Franchise News

Del Taco founder Ed Hackbarth makes appearance at grand opening of Corona location

The Tuesday grand opening of a Del Taco in Corona was more like a reunion.

While the family that owns the franchise was out front getting pictures taken with the Corona Chamber of Commerce, Del Taco’s founder was sitting in the dining room with members of his family. Ed Hackbarth, 85, was a player in the fast food revolution that started in San Bernardino in the 1950s. His story is intertwined with Taco Bell, Naugles, Wienerschintzel, and Bakers Drive-Thru. And it’s still unfolding.

Hackbarth who lives in Dana Point, said that on Monday he was cleaning tables at Barstow No. 1, one of three Del Tacos in the desert town that he kept when he sold off the chain in the 1970s. The chain got its start in nearby Yermo in 1964, serving travelers on the way to Nevada.

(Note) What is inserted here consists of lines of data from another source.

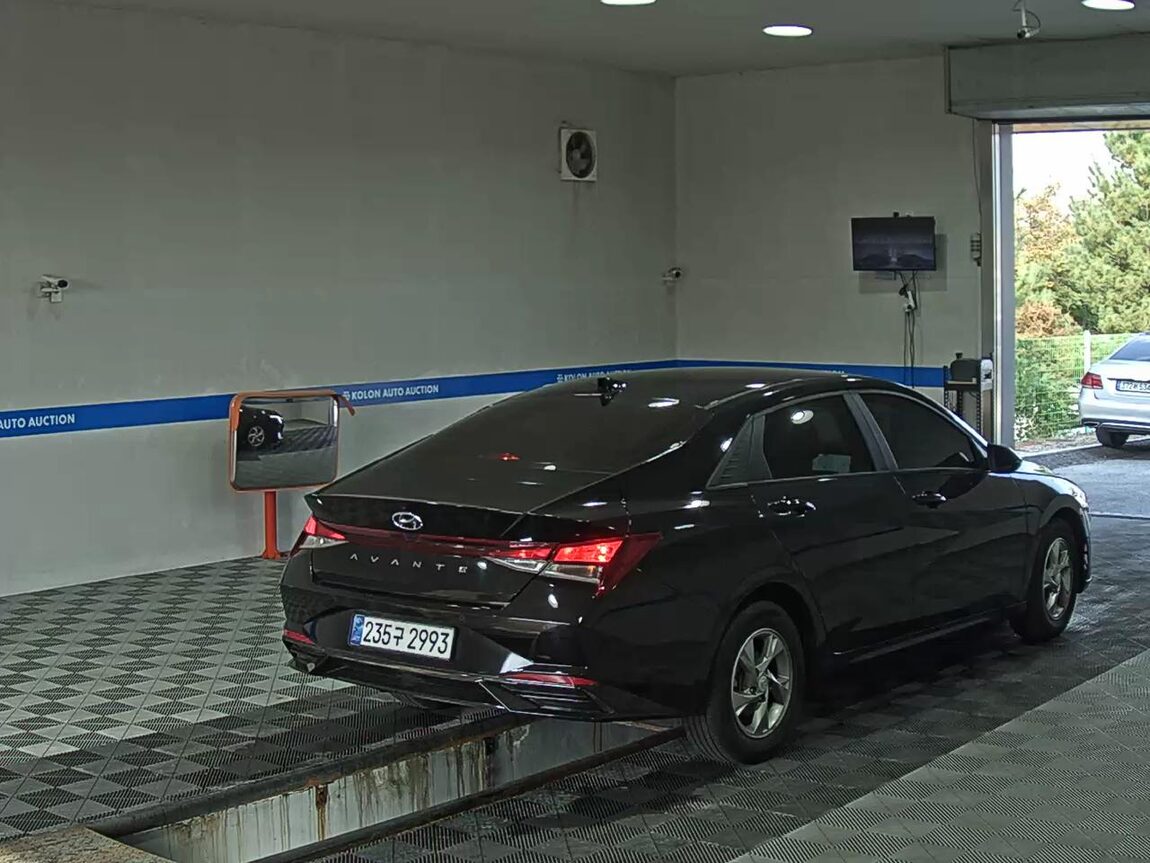 HYUNDAI AVANTE (CN7) 1.6 GASOLINE MODERN 2021 - zdjęcie 5
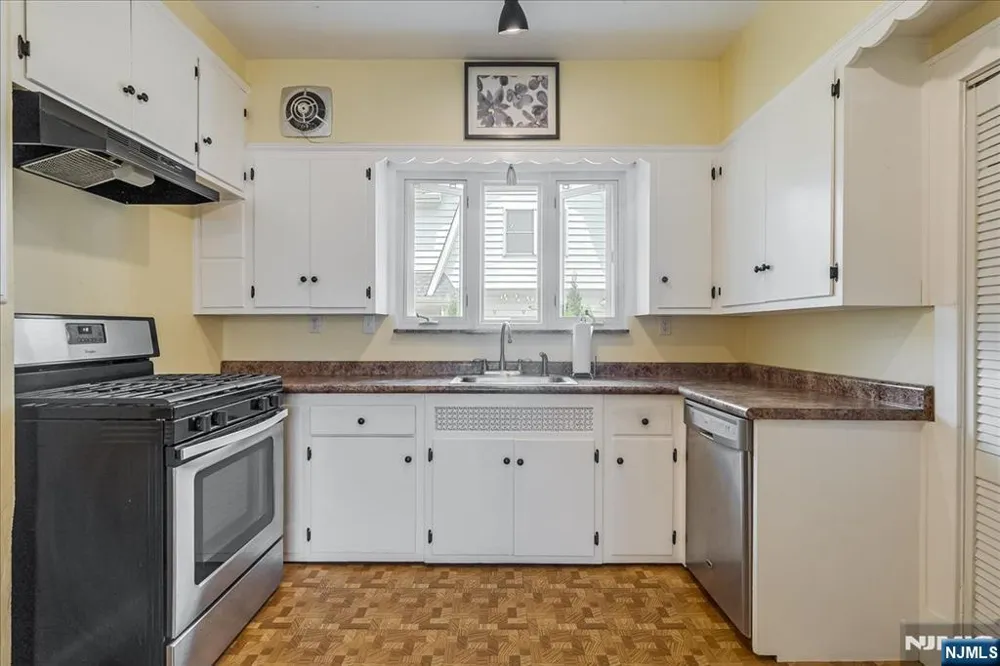 189 Mineral Spring Passaic, NJ 07055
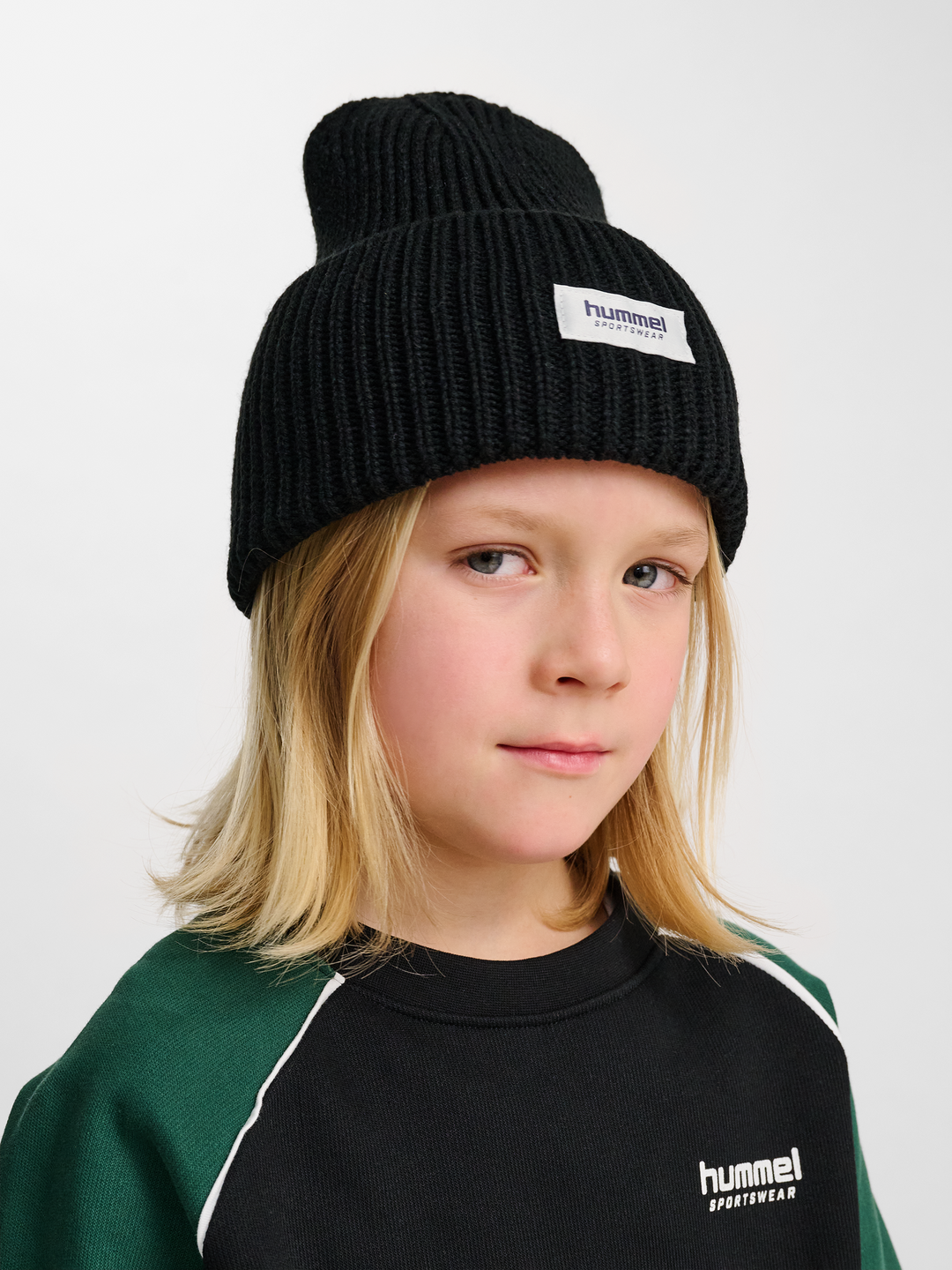 hummel hmlJR HEAVY RIB KNIT BEANIE - BLACK - Torgunns Barneklær AS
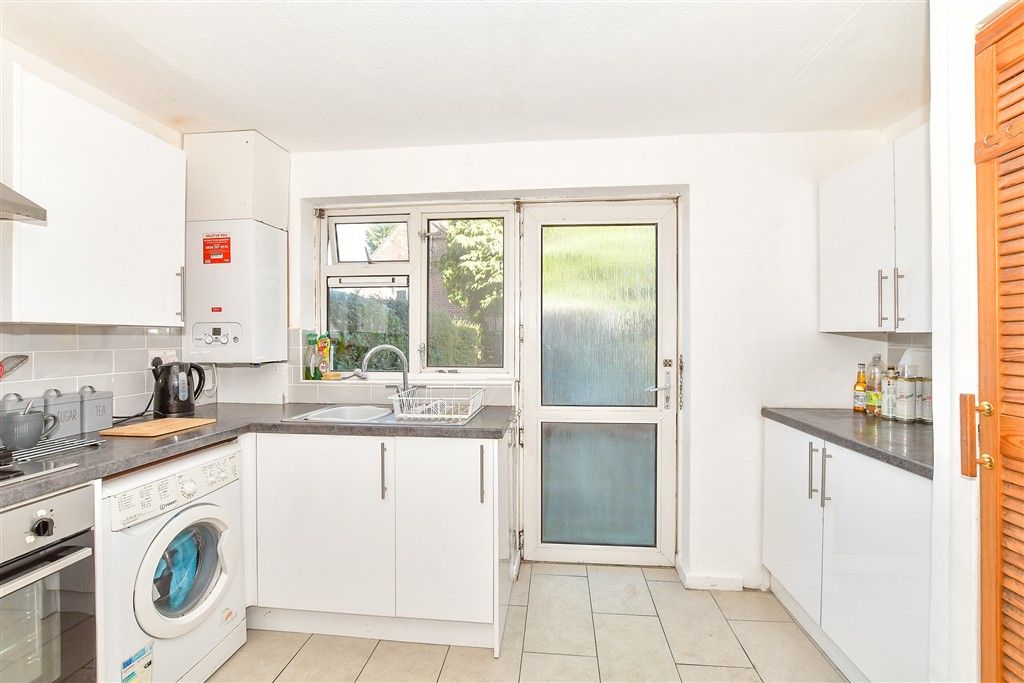 Property photo 1 of 10 Kitchen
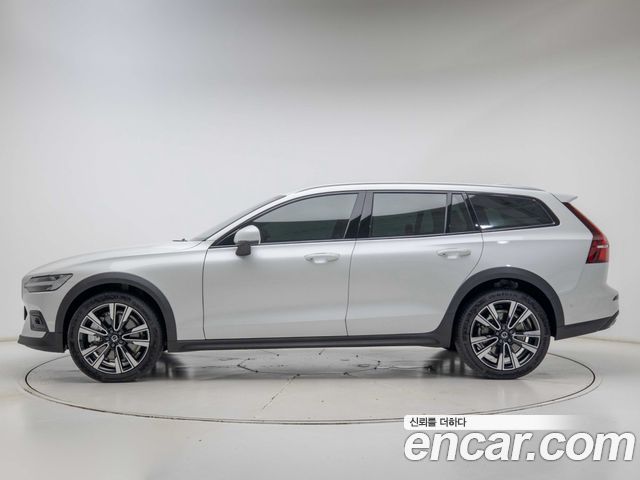 Volvo V60 B5 Ultra AWD — пробег 1 382 км — фото 3 из 5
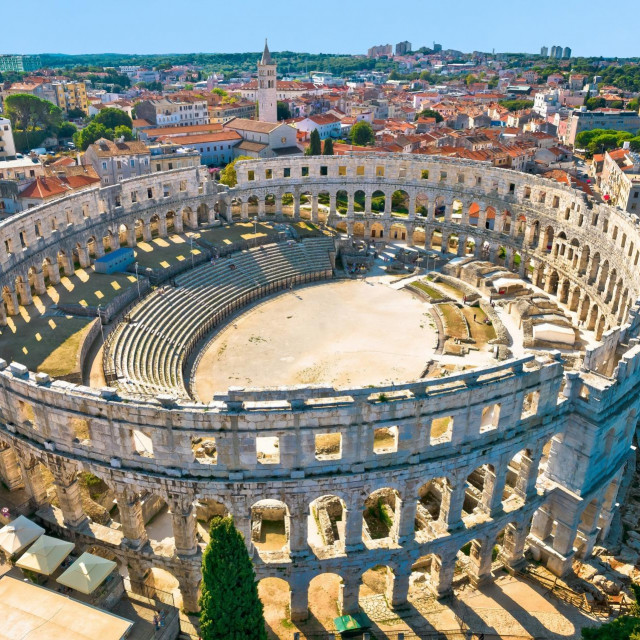 Arena, Pula
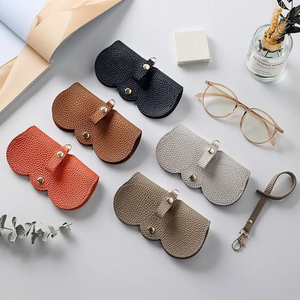 อุปกรณ์เดินทางสำหรับปีนเขา กระเป๋าใส่แว่นกันแดด PU แบบใหม่ กล่องใส่แว่นตาแบบพกพา ปลอกคลุมแว่นกันแดด คลิปหนีบแว่นตาแบบน่ารัก - Product Image 3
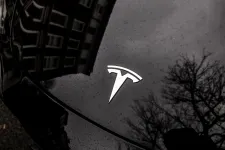 Reuters: Egy új kisebb, olcsóbb SUV-on dolgozik a Tesla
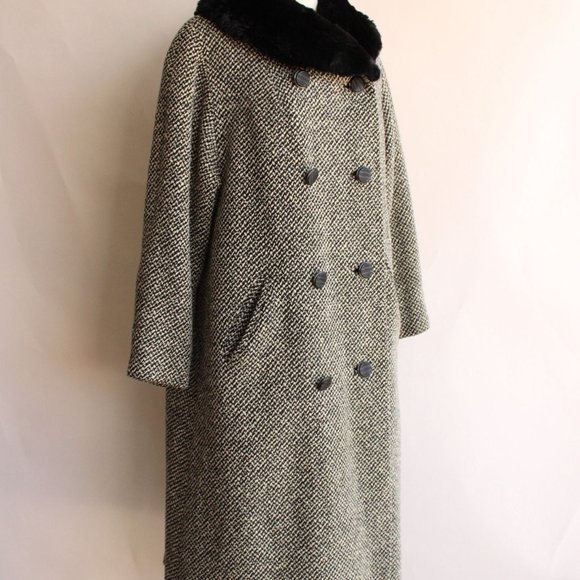 Vintage 1950s Coat / Bergdorf Goodman Black and White Tweed Wool Overcoat With F - Picture 3 of 13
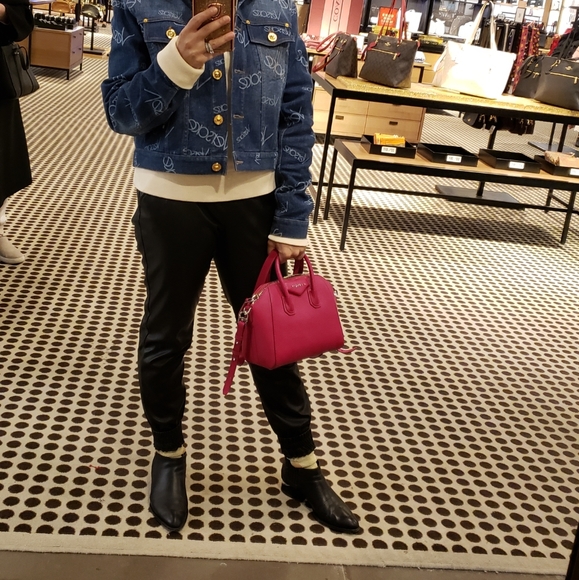 100% Authentic Givenchy Antigona Mini Fuschia crossbody bag - Picture 3 of 10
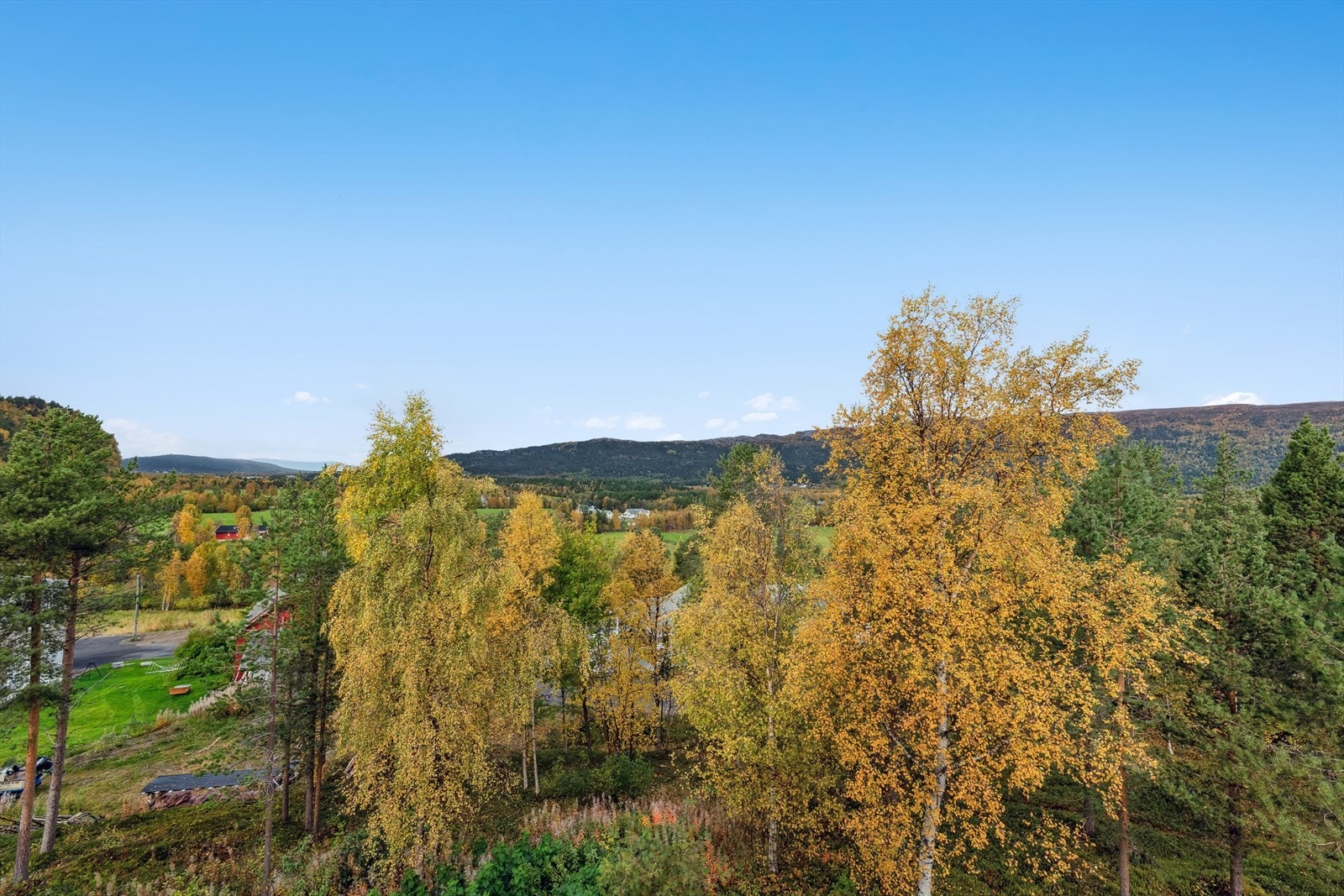Eiendommen ligger idyllisk til i Tverrelvdalen, omgitt av vakker natur og med vidstrakt utsikt over dalen. Galleribilde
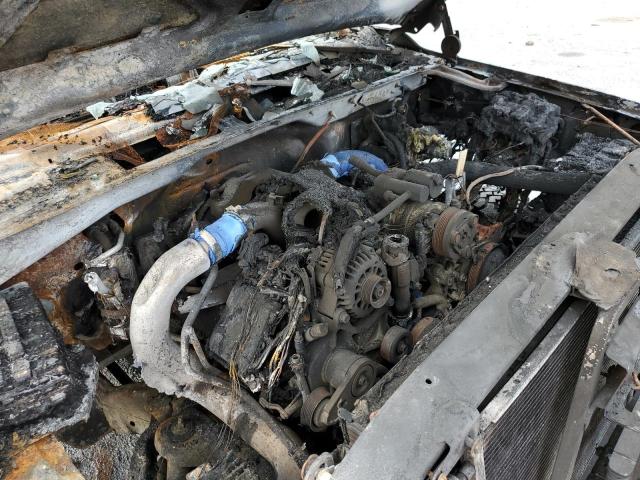 Photo 10 from auction – 2002 CHEVROLET SILVERADO with VIN 1GCHK29172E114796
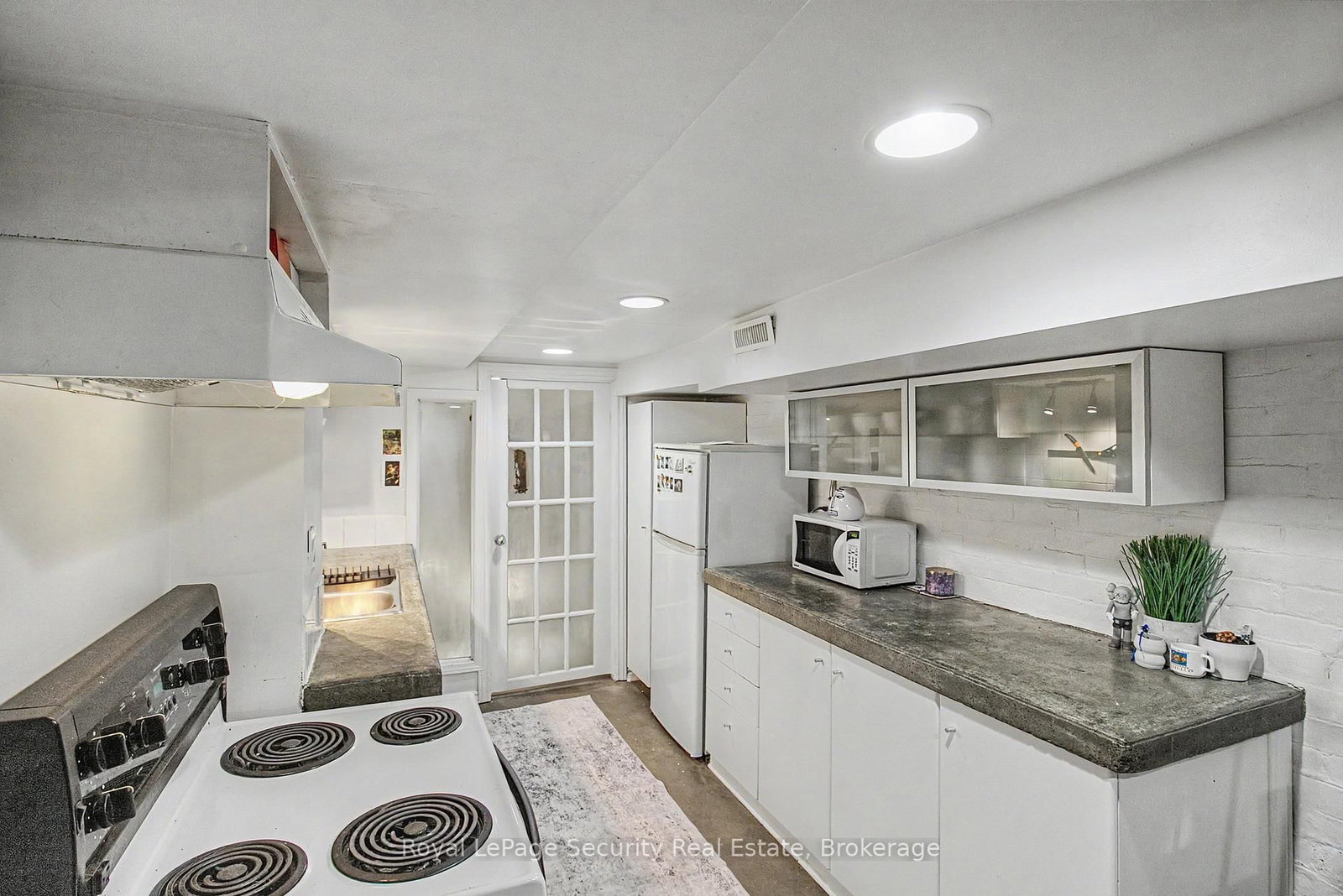 410 Manning Avenue • Toronto, ON photo 36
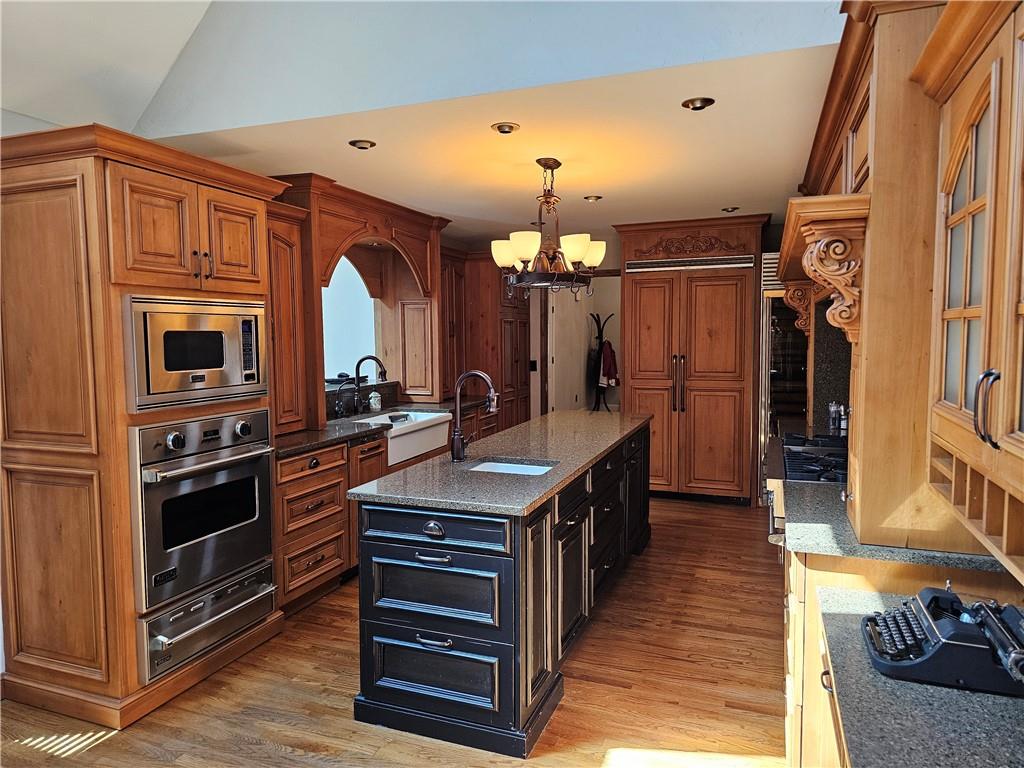 7824929 Property Photo 14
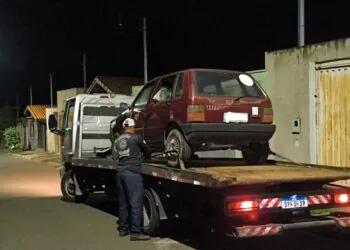 Polícia Militar recupera veículo furtado e prende dois suspeitos entre Alpinópolis e Passos (MG)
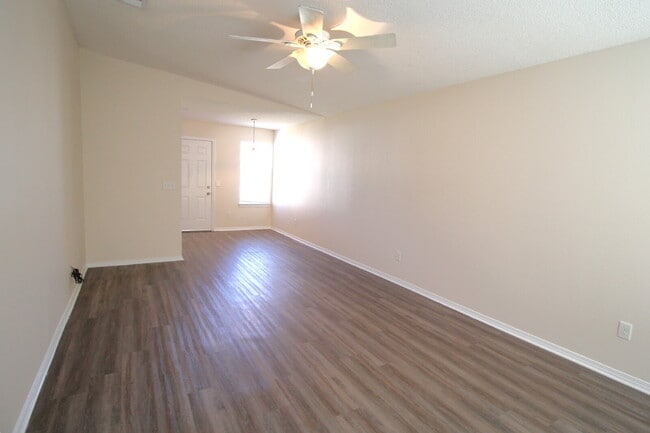 Building Photo - 3 Bedroom Home Near Blue Angel Pkwy – Spac...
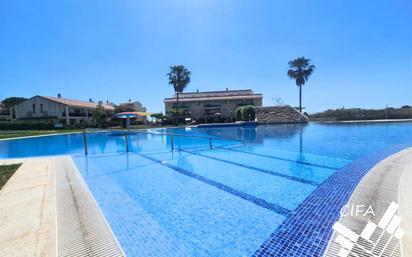 Piscina de Dúplex en venda en San Jorge / Sant Jordi amb Aire condicionat, Calefacció i Terrassa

“When I opened my first Del Taco in Yermo, I called it my slot machine because everybody went to Vegas. Now I call all three of them slot machines. I’ve got to keep them going.” Hackbarth got his start working for Glen Bell, of Taco Bell fame. He bought Bell’s restaurants to start Del Taco.

Hackbarth went on to mentor one of his Yermo employees, Dick Naugle, who went on to found the Naugles chain. Naugle copied his menu, Hackbarth said. “I had the foundation, but it was OK,” he said. “I don’t care about competition. It’s just every customer. How do you wait on him?”

In the 1980s, Hackbarth mentored Linda Oldfield, who has known him for 38 years and calls him a humble man. Oldfield heads CJR Restaurants, which owns the Corona franchise. Oldfield said he has recently been checking on the Corona restaurant nearly every day.

Although Oldfield’s company has five other restaurants in Los Angeles and Orange counties, this one on 2260 Frontage Road was a big deal.

Until four years ago, Oldfield had a Del Taco on the site. It was torn down in the belief that the land would be needed for the 91 Freeway expansion that was completed last year. But the family was able to rebuild five feet from the original footprint.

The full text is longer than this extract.